Edit: and remember there is more to being NDN then just an identifier.
16 2 / 2014
achalar asked: Any time I get passionate about something I am immediately labeled an angry black woman.
You and me both sister. Every time I start to call some shit out or talk about things that matter to me as a WoC, people respond like,”Ha, okay Angela Davis, we get it, you’re Black ✊”.
Being socially aware is one of the most stressful things when ignorance prevails all around you, I swear.
16 2 / 2014
Anonymous asked: I remember in my History class the teacher said we could act out skits from any era and everyone but me(the one black person there) said the 1950s so I got up and started walking out the classroom. The teacher asked me where I was going and then I was like, "Sorry, I thought I had to leave since people of color weren't allowed in the same schools in the 50s." And all the white kids were so quiet while my Hispanic classmate help up his fist to bump.
16 2 / 2014
samsara-with-some-adhd asked: How do you feel about humanism? As a way of working against racism, oppression, etc.? I've read about it, and I feel the argument that it ignores race is a bit premature, wouldn't an -ism that centers on being human include race, not exclude it?
Humanism was a revolutionary philosophy back in the 16th century.
But today, when people describe themselves as modern-day humanists in an English-speaking context, it’s often because they’re bashing feminism, anti-racism and any kind of religion, especially Islam. Just because humanism has the word “human” in it doesn’t mean it’s intrinsically more inclusive. It’s a little like claiming to be on the side of good. Who believes they’re on the side of evil? Who are the modern-day “anti-humanists” that humanists oppose themselves to?
Humanism CREATED racism and oppression; it is not a way of working against racism. “Human” is a word with a very dirty history.
Although this source isn’t perfect, it explains how the word “human” has been used historically in such a way as to dehumanise the majority of the inhabitants of the world, and enable imperialism and colonialism:
Please educate yourself further.
Yes, yes, yes, what astrochelonian said.
One of very basis of humanism is the components of “human nature” and (to a certain extent) “state of nature”. This is true of many Enlightenment era theories, and they form the crux of current Western human rights theories and policies.
But the definitions of “human nature” used at the time were actually definitions which made out Africans and Asians to be savage, primitive and barbaric peoples, in need to have social order implemented for their own good, and forced to “become” more human.

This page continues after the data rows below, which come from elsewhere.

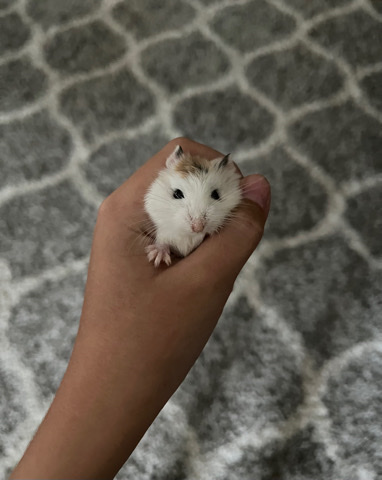 Mocha The Hamster - read description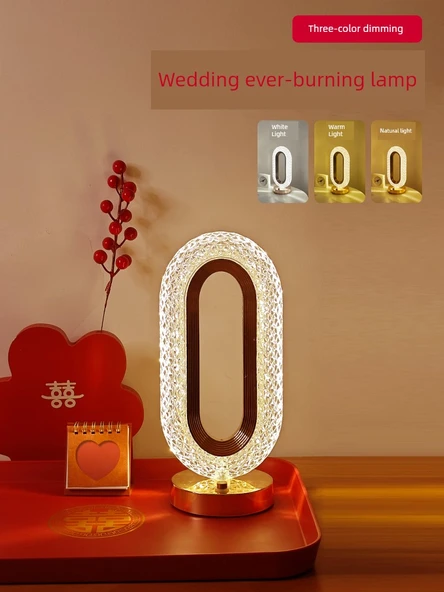Oval Halka LED Gece Lambası - Dokunmatik, Üç Renkli, Şarjlı, Fişli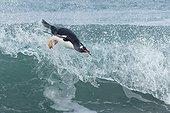 Gentoo penguins( Pygoscelis papua) surfing on a beach, Sea Lion Island, Falkland Islands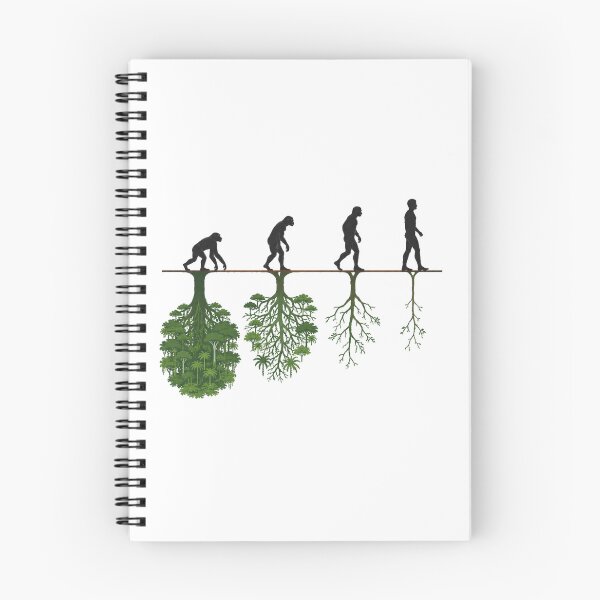 Item preview, Evolution and the Vanishing Forest designed and sold by  Nature in Focus.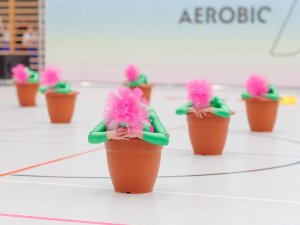 Fit-studio-Venuse-Aerobic-team-show-2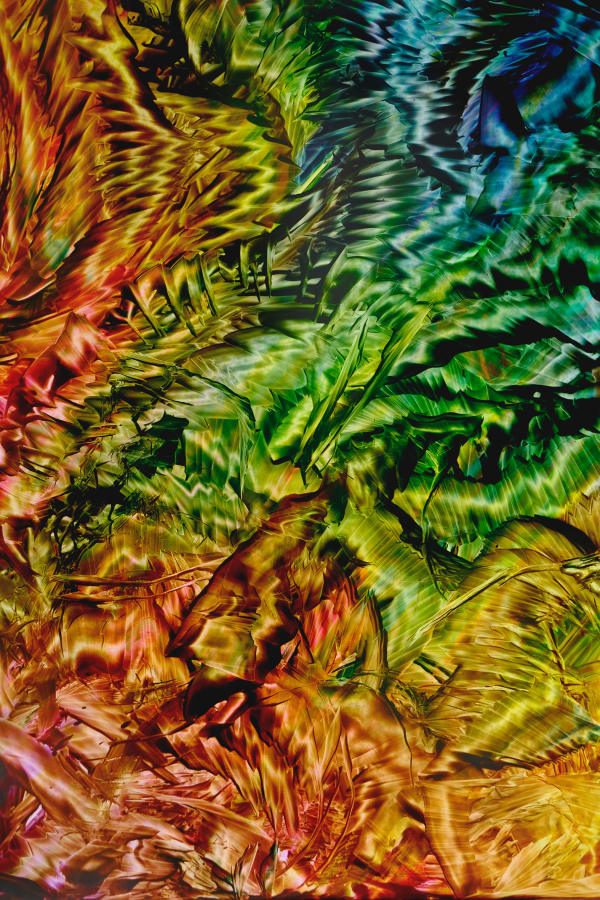 Rob Bouwman, Untitled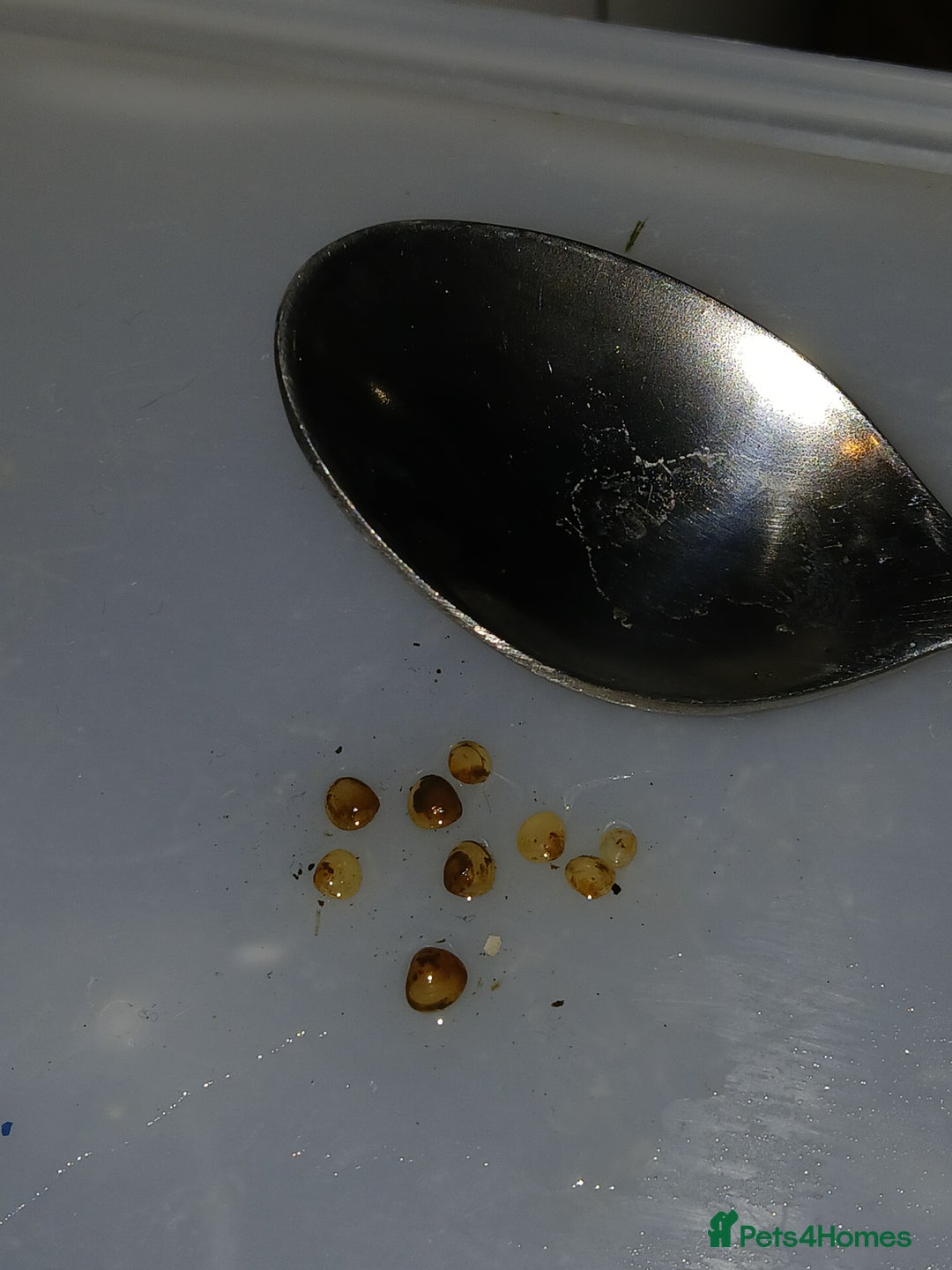 Other/Mixed Breed fish for sale: Pea mussel/ finger nail clam - Advert 5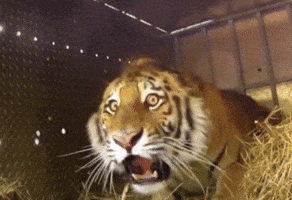 GIF tiger shocked para Instagram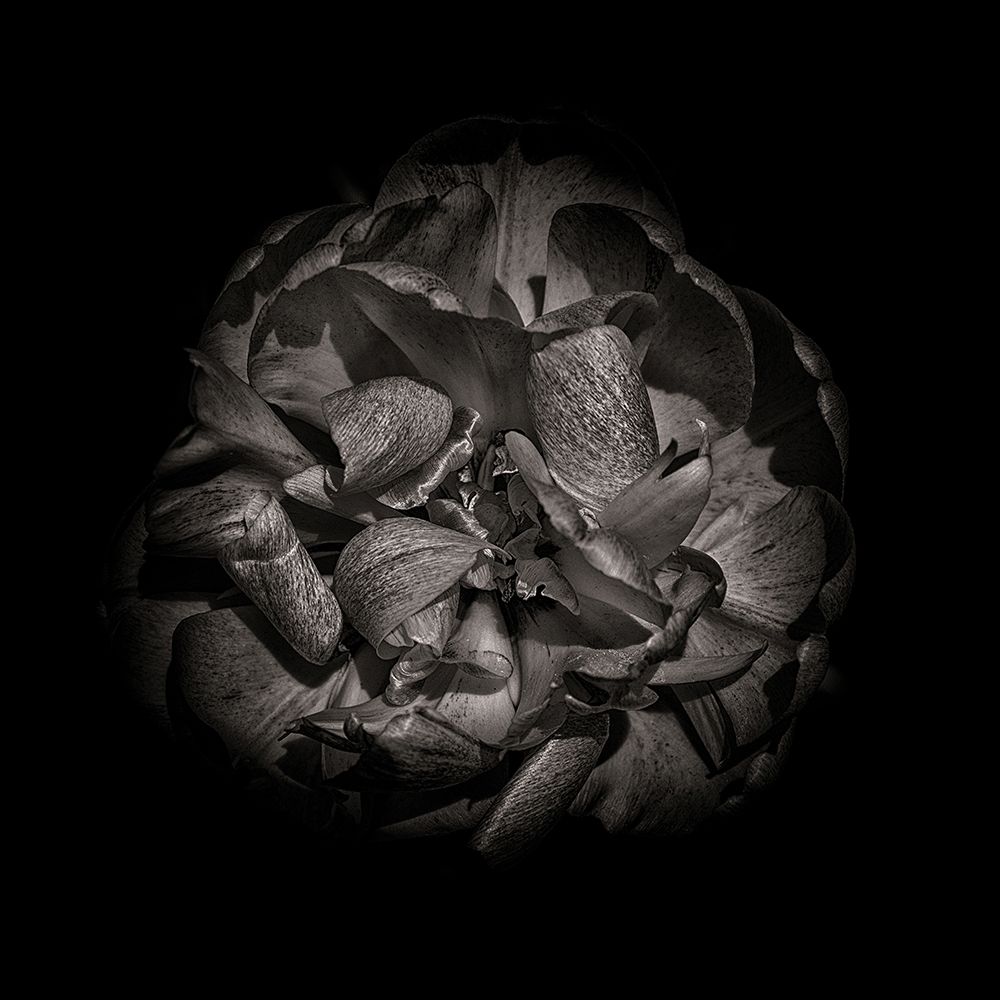 Black And White Peony I art print by Brian Carson for $57.95 CAD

Edit: although I will hold my reservations on if humanism itself formed racism. That entire era of Western political thought was completely bent towards justifying colonialism, so almost every aspect of thought, from scientific to political theories, was used as a weapon for this purpose.

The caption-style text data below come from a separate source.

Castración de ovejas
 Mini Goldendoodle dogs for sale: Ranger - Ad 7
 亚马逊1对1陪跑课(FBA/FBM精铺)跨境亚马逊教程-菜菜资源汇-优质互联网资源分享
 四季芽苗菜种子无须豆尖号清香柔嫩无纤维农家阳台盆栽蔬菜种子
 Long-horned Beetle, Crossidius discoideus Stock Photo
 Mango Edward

And when people say they “want to be treated like human beings” as if we should all agree about what that means?
That definition precedes what they understand to be “disrespectful” though.

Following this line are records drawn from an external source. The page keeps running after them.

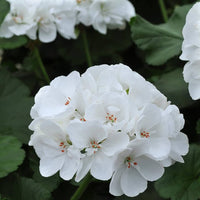White Univalve Geranium Flower Seeds for Your Garden  Seed for Gorgeous and Lush Growth
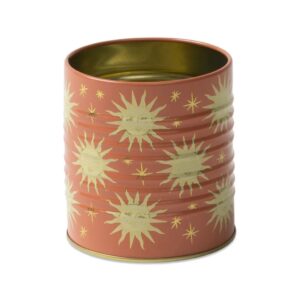Designworks Storage Tin Portapenne Terracotta Sun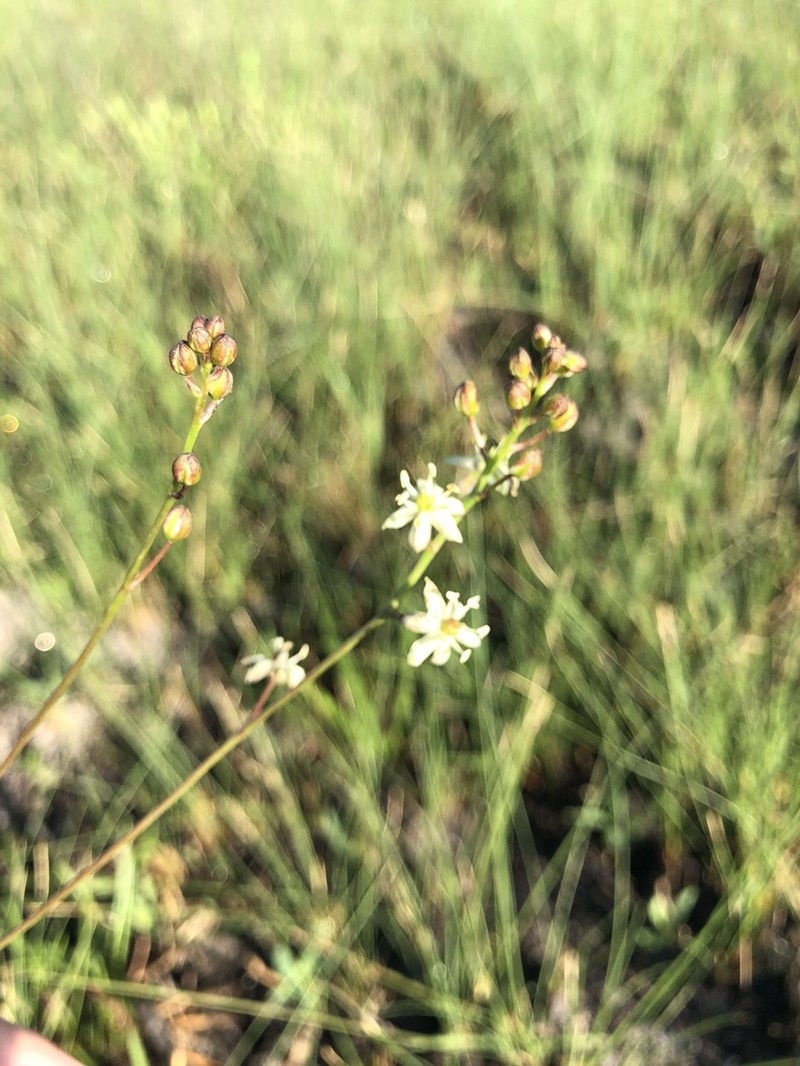 White Sunnybell photo 5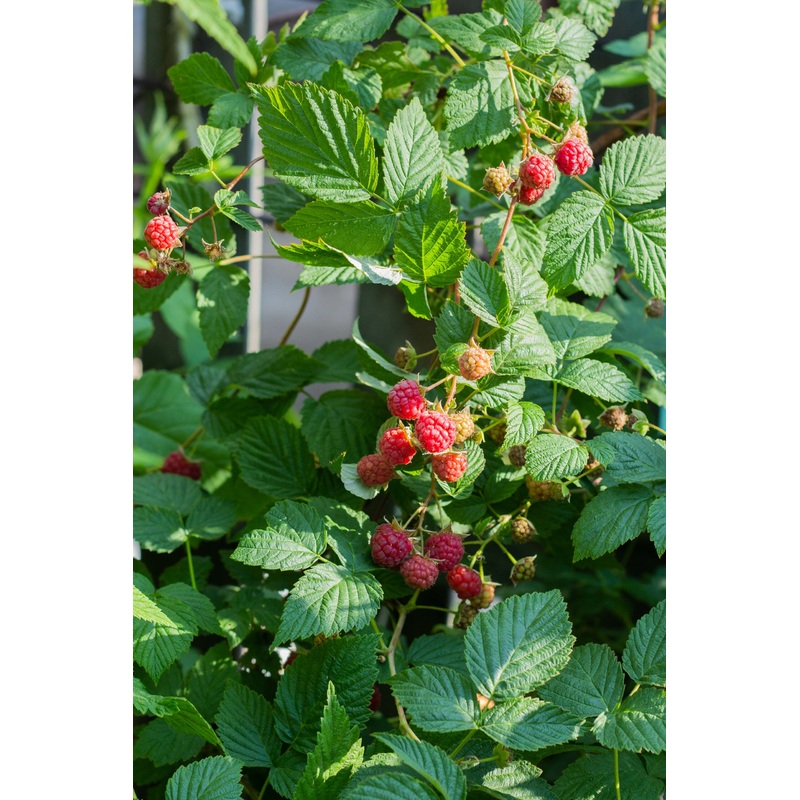 Dwergframboos ‘Ruby Beauty’ (voor in pot)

He/she said x to me, therefore, he/she doesn’t think of me as a “human being.”
Feminism is the radical notion that woman are “people”? Read: human?
Kindof a reductive definition that can become problematic in a world where men are framed as the default “people.”
I want everyone to rethink the lot of these terms and our language and these concepts and these attitudes.
This is why I almost never frame analysis of problems on those terms.